Directions
Two lines mark the range in the entries below: the one holding "hallway with light" and the one holding "a bathroom with". Set down those two and all lines between them, exactly.

Excerpts from a dataset
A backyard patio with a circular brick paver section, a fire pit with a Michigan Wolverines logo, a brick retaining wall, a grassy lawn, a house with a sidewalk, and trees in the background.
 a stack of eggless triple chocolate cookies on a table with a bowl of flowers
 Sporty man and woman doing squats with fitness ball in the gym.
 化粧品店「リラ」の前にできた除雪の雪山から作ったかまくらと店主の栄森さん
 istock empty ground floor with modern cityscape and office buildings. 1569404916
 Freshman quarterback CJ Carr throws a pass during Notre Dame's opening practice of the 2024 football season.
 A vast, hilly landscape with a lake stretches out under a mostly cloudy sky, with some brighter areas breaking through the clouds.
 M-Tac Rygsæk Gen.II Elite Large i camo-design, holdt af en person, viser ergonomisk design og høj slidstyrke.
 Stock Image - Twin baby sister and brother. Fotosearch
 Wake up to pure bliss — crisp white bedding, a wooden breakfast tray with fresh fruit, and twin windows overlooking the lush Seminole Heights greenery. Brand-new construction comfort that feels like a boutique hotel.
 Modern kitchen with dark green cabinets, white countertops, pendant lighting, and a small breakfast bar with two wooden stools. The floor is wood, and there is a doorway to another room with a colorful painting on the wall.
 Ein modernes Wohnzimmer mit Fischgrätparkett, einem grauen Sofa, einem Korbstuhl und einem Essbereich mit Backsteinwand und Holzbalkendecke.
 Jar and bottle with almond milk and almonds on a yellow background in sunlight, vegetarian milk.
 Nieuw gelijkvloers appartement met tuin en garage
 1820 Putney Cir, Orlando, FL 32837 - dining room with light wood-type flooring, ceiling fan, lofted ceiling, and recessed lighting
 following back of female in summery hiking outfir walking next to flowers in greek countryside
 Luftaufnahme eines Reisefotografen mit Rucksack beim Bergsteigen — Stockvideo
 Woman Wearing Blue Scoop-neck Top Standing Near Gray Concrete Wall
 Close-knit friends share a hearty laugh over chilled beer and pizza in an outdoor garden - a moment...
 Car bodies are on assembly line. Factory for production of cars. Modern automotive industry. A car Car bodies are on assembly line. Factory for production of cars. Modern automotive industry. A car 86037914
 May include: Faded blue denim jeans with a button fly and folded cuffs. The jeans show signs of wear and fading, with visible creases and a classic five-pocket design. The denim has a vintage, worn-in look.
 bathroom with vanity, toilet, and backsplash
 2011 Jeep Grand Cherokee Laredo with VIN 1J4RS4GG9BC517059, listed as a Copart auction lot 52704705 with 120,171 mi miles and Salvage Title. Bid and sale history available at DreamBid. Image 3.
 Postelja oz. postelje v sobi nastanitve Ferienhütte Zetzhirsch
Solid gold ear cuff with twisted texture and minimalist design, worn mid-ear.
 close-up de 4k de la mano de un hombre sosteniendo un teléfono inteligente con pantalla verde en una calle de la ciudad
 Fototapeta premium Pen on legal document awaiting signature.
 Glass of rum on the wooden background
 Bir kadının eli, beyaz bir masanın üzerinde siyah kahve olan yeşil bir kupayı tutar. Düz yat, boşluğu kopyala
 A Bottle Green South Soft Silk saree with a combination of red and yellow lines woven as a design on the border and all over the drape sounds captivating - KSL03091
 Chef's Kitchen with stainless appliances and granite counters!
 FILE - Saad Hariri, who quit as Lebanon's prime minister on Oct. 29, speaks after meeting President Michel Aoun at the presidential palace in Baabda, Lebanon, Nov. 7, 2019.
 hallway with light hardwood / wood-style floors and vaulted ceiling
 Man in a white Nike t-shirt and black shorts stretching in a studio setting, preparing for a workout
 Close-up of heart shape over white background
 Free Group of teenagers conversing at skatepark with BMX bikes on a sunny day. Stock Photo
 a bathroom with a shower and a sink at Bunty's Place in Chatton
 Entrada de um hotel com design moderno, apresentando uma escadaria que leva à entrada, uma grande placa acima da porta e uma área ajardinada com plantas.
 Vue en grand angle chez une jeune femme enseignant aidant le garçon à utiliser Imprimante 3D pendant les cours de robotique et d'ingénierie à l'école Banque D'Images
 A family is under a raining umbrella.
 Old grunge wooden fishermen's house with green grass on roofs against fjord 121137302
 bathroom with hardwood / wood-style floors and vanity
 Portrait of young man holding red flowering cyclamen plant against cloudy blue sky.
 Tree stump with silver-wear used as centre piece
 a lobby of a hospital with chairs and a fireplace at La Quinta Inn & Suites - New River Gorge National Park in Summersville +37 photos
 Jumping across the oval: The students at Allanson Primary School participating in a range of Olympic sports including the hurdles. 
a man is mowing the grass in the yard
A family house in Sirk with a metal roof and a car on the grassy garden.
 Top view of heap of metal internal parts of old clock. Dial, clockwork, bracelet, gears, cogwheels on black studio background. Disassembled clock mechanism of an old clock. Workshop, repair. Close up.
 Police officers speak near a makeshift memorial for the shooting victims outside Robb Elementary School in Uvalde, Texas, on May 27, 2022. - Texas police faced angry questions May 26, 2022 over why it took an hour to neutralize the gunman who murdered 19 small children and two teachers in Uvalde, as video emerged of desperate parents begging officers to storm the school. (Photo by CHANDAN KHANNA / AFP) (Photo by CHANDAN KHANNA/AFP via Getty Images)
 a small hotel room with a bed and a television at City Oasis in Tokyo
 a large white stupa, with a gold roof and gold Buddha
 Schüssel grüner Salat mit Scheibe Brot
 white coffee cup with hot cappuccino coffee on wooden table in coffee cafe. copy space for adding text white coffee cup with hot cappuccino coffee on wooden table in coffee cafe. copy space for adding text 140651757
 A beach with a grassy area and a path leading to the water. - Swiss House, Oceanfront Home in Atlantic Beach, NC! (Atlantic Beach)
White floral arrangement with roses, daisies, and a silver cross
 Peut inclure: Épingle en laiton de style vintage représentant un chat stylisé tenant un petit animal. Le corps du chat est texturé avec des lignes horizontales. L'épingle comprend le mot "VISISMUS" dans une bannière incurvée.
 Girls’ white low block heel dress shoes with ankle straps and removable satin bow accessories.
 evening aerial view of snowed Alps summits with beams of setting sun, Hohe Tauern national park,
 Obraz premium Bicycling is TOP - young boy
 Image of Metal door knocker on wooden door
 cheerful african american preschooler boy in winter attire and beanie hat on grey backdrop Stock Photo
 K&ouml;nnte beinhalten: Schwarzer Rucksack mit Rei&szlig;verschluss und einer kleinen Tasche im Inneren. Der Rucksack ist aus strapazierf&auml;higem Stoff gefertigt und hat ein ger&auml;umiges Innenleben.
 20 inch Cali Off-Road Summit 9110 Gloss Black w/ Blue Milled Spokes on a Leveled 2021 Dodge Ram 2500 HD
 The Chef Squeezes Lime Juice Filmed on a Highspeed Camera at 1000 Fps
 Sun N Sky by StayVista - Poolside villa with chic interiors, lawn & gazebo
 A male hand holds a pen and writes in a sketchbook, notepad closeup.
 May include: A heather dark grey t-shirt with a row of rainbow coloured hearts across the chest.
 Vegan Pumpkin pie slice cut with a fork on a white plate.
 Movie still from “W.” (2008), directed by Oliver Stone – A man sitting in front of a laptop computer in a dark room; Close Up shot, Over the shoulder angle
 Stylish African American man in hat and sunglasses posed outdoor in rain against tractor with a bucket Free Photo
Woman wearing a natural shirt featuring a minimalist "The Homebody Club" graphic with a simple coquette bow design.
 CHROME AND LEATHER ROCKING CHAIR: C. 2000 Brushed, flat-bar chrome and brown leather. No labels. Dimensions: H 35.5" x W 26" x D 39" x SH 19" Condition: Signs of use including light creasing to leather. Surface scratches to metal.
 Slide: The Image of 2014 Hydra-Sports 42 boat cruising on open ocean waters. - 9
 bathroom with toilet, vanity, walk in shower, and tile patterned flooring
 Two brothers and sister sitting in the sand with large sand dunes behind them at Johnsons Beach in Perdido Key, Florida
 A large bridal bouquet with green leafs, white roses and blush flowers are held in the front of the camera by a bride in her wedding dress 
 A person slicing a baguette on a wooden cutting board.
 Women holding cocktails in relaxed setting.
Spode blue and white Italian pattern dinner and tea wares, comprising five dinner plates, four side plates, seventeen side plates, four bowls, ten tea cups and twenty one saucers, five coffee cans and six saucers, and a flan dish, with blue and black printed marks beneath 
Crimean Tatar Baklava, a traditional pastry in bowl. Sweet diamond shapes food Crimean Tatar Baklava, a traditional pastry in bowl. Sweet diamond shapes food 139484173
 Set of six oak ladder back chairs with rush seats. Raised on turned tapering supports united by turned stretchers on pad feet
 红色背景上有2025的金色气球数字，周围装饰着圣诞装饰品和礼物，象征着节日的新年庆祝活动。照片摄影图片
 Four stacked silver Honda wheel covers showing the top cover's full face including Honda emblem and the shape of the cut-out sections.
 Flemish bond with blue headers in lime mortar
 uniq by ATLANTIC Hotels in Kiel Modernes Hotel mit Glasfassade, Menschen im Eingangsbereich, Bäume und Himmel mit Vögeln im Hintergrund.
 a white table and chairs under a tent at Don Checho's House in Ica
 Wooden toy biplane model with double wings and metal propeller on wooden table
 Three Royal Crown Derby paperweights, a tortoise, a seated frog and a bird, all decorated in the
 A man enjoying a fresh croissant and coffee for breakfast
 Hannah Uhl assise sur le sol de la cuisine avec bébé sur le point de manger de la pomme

Written answer
 hallway with light hardwood / wood-style floors and vaulted ceiling
 Man in a white Nike t-shirt and black shorts stretching in a studio setting, preparing for a workout
 Close-up of heart shape over white background
 Free Group of teenagers conversing at skatepark with BMX bikes on a sunny day. Stock Photo
 a bathroom with a shower and a sink at Bunty's Place in Chatton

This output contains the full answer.